• **Requirement**: All that is wanted is the exact lines from the first line of the data below through the line with "en pediatría para", both ends included, with pictures omitted.

Data entries

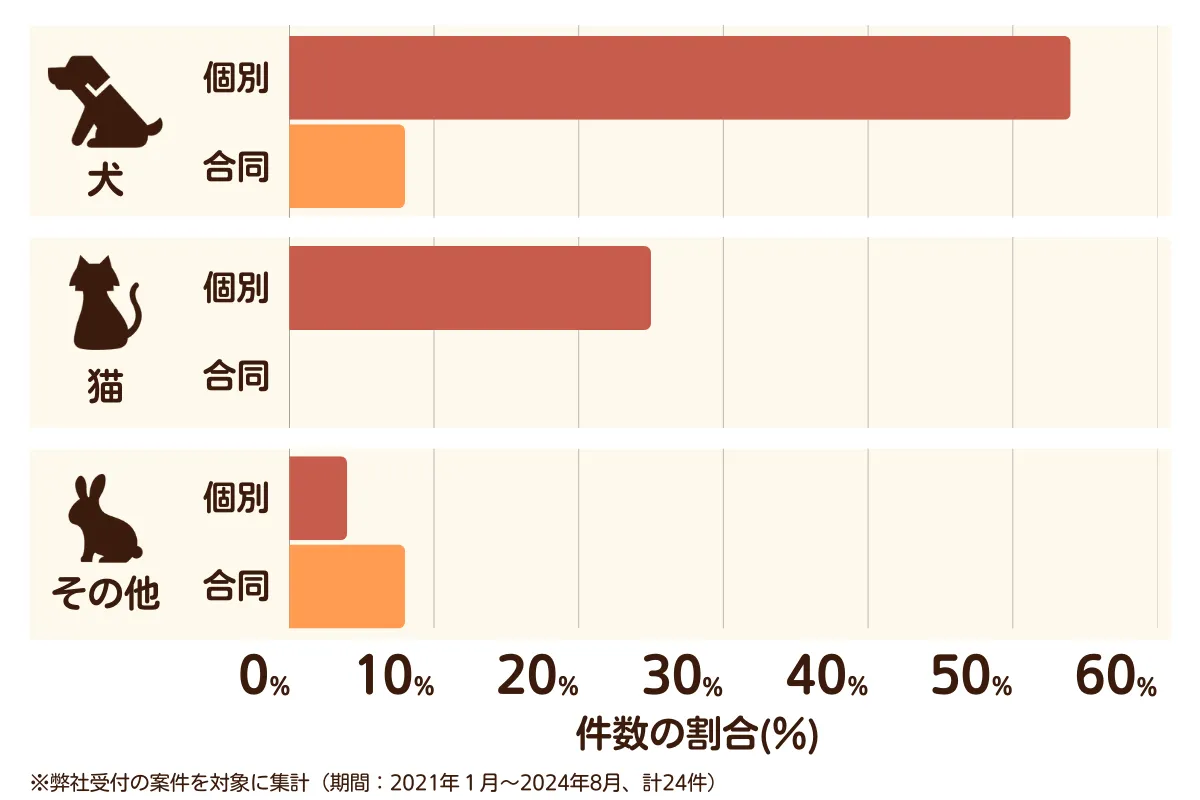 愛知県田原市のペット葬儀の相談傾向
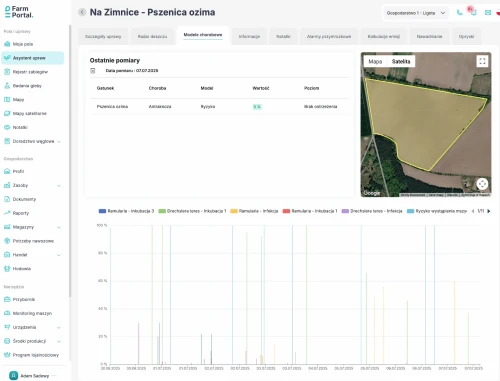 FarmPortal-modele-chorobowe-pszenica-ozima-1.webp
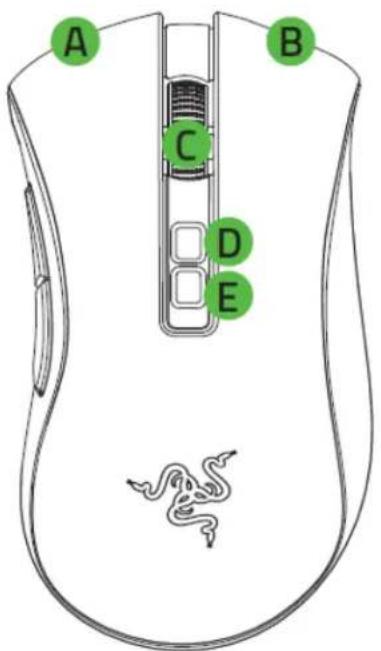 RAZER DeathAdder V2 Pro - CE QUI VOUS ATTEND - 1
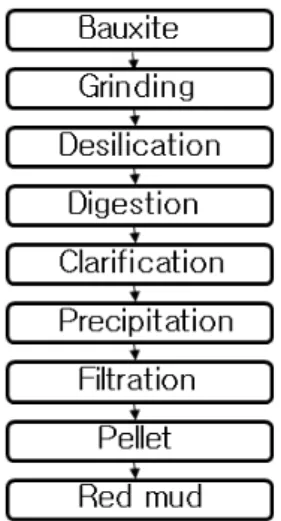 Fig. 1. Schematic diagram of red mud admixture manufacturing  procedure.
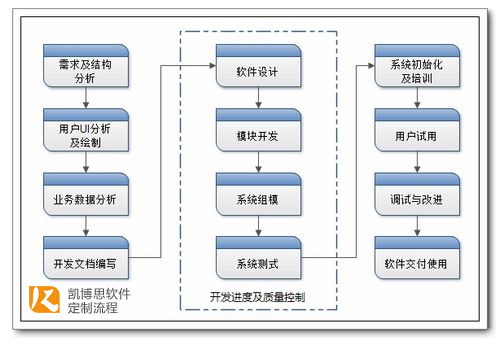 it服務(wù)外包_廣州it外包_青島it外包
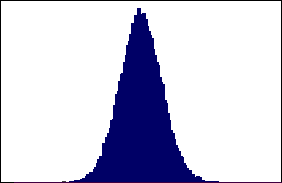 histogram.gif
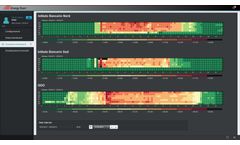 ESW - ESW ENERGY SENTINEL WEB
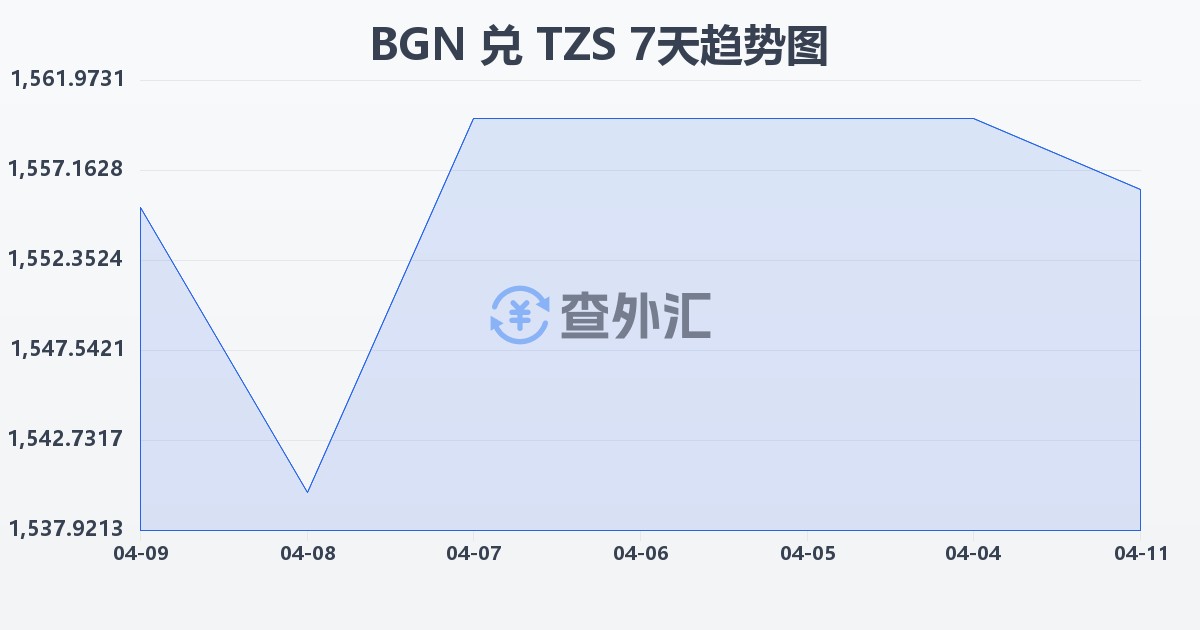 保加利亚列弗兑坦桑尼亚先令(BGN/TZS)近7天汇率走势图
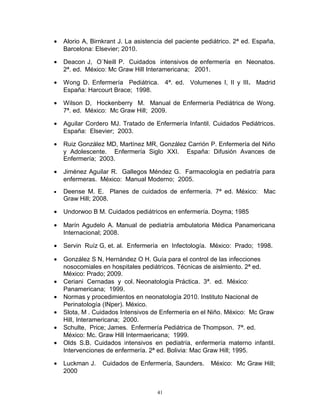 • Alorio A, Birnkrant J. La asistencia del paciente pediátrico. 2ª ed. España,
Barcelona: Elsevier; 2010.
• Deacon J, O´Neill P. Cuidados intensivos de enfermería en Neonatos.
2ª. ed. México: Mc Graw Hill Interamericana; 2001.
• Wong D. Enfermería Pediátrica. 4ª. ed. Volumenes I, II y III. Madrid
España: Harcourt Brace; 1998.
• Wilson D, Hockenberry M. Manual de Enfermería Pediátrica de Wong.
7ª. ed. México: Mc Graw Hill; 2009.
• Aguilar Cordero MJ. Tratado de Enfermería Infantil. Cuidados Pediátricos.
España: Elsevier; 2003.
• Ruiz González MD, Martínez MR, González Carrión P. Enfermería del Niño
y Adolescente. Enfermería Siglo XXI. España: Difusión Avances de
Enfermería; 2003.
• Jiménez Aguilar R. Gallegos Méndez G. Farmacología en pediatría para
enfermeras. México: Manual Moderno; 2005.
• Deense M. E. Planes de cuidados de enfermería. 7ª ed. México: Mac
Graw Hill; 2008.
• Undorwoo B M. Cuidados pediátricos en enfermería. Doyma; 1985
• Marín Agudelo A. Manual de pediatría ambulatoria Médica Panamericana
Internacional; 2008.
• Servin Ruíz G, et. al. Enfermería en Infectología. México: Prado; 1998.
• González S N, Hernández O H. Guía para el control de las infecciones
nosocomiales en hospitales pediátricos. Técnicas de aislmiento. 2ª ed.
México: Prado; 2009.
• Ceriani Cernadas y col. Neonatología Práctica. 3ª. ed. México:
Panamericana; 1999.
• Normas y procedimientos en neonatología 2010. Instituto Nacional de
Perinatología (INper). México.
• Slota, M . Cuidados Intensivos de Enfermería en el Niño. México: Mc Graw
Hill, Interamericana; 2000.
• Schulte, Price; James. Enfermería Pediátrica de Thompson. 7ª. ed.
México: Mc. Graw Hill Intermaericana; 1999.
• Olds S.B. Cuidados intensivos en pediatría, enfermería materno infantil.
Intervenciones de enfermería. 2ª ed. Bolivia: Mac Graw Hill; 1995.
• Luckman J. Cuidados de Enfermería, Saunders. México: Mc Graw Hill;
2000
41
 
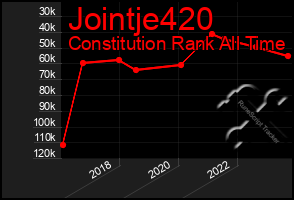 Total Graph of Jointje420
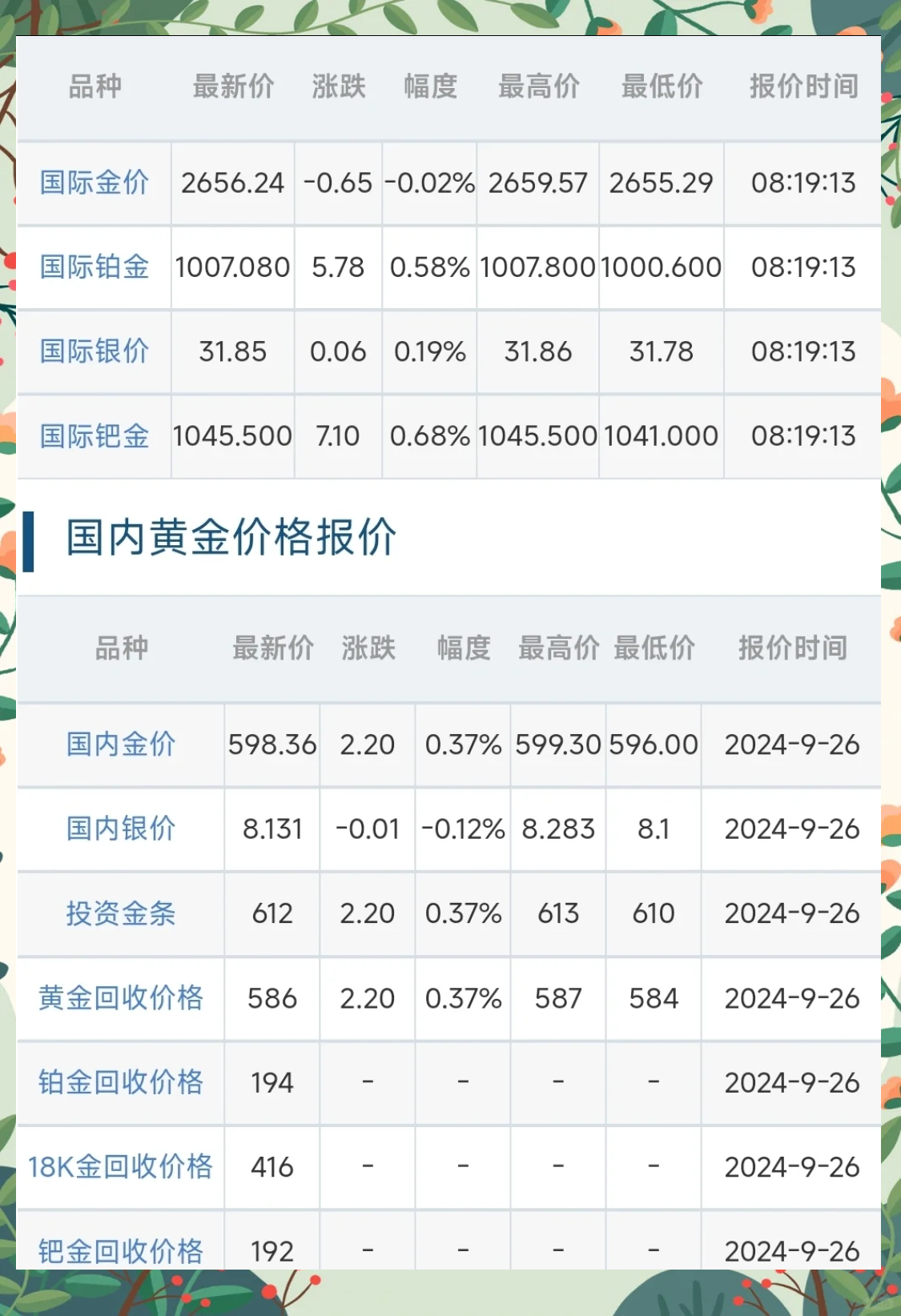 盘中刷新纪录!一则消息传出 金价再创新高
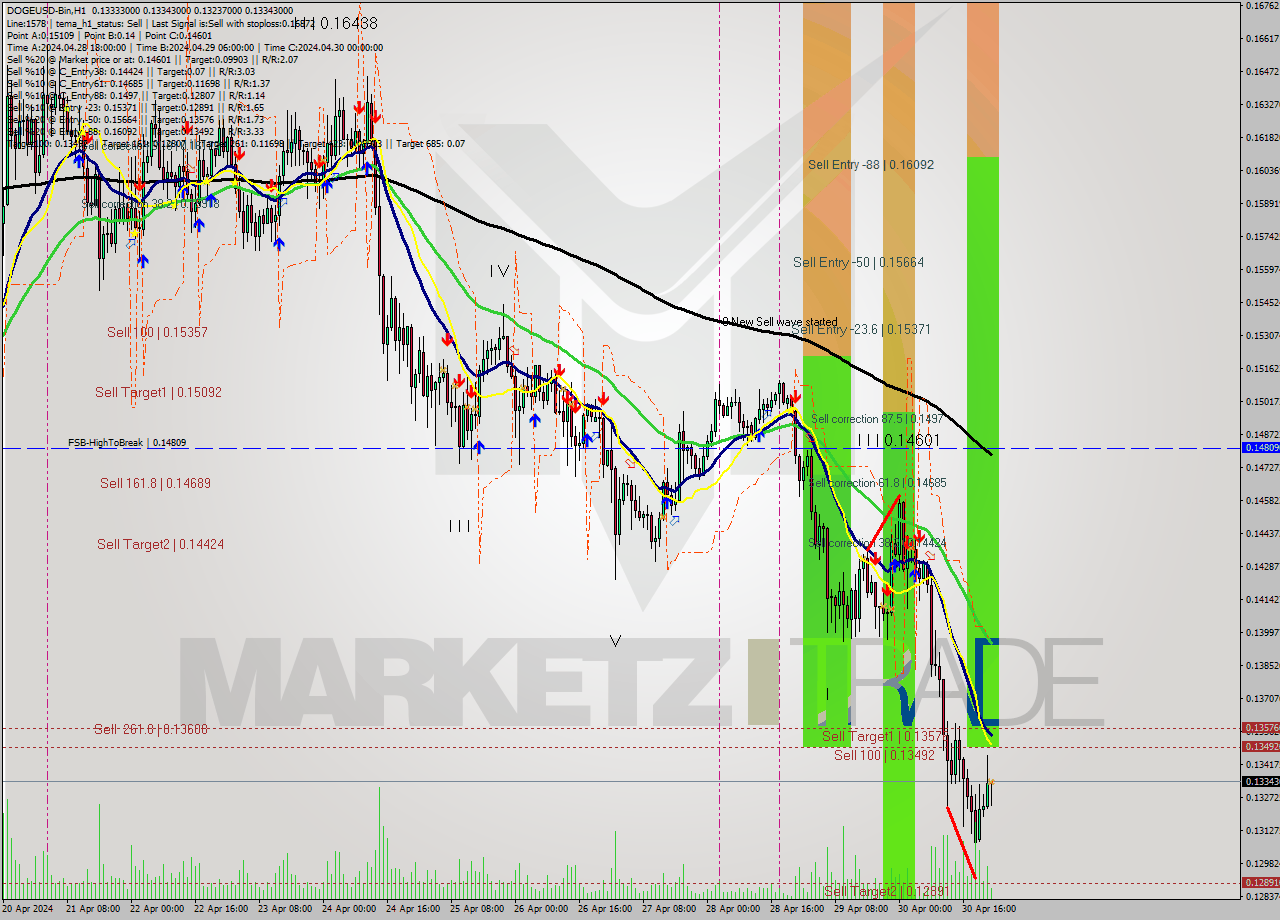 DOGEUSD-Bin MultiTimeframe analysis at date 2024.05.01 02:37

• **Output**:
 愛知県田原市のペット葬儀の相談傾向
 FarmPortal-modele-chorobowe-pszenica-ozima-1.webp
 RAZER DeathAdder V2 Pro - CE QUI VOUS ATTEND - 1
 Fig. 1. Schematic diagram of red mud admixture manufacturing  procedure.
 it服務(wù)外包_廣州it外包_青島it外包
 histogram.gif
 ESW - ESW ENERGY SENTINEL WEB
 保加利亚列弗兑坦桑尼亚先令(BGN/TZS)近7天汇率走势图
 • Alorio A, Birnkrant J. La asistencia del paciente pediátrico. 2ª ed. España,
Barcelona: Elsevier; 2010.
• Deacon J, O´Neill P. Cuidados intensivos de enfermería en Neonatos.
2ª. ed. México: Mc Graw Hill Interamericana; 2001.
• Wong D. Enfermería Pediátrica. 4ª. ed. Volumenes I, II y III. Madrid
España: Harcourt Brace; 1998.
• Wilson D, Hockenberry M. Manual de Enfermería Pediátrica de Wong.
7ª. ed. México: Mc Graw Hill; 2009.
• Aguilar Cordero MJ. Tratado de Enfermería Infantil. Cuidados Pediátricos.
España: Elsevier; 2003.
• Ruiz González MD, Martínez MR, González Carrión P. Enfermería del Niño
y Adolescente. Enfermería Siglo XXI. España: Difusión Avances de
Enfermería; 2003.
• Jiménez Aguilar R. Gallegos Méndez G. Farmacología en pediatría para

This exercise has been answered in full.